People know that things need to be done, but since the Fischerinsel is part of the Mitte-District of Berlin, it is not an official “problem quarter” that would classify it for quite some money streams and public attention, the lack of any quarter-management or municipal involvement creates a sort of vacuum, which calls for individuals to actively engage in questions regarding their neighborhood.

This project questions whether design can help foster this engagement, support the few active citizens and activate more passive ones through breaking down communicative boundaries and delivering tools and methodologies.
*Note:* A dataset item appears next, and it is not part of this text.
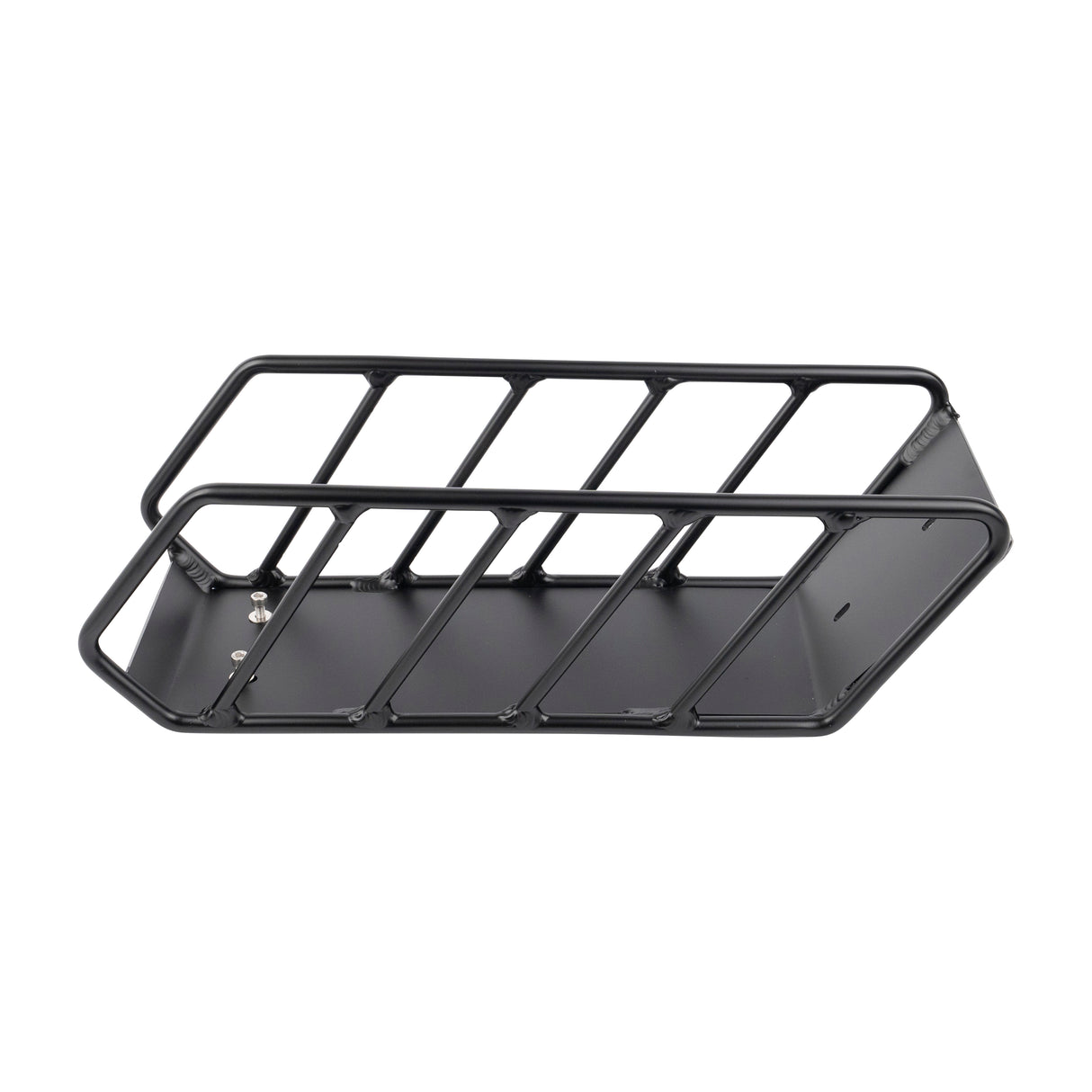 ACE Frame Cargo Basket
We do that through active engagement in and close collaboration with inhabitants of the neighborhood and through the participatory development of technology. This technology both aims at supporting the work being done in the community as well as at scaling the developed strategies in order to be useful for other communities around the globe.

One central aspect hereby is the development of bridge-technologies between the Analog and the Digital, since the existing tools for political participation (e-participation, liquid democracy, etc.) all lack the active inclusion of digital strangers of any kind.

These access points allow part-taking in a new technology without having to learn how to navigate in the web, without having to have a computer or access to broadband internet.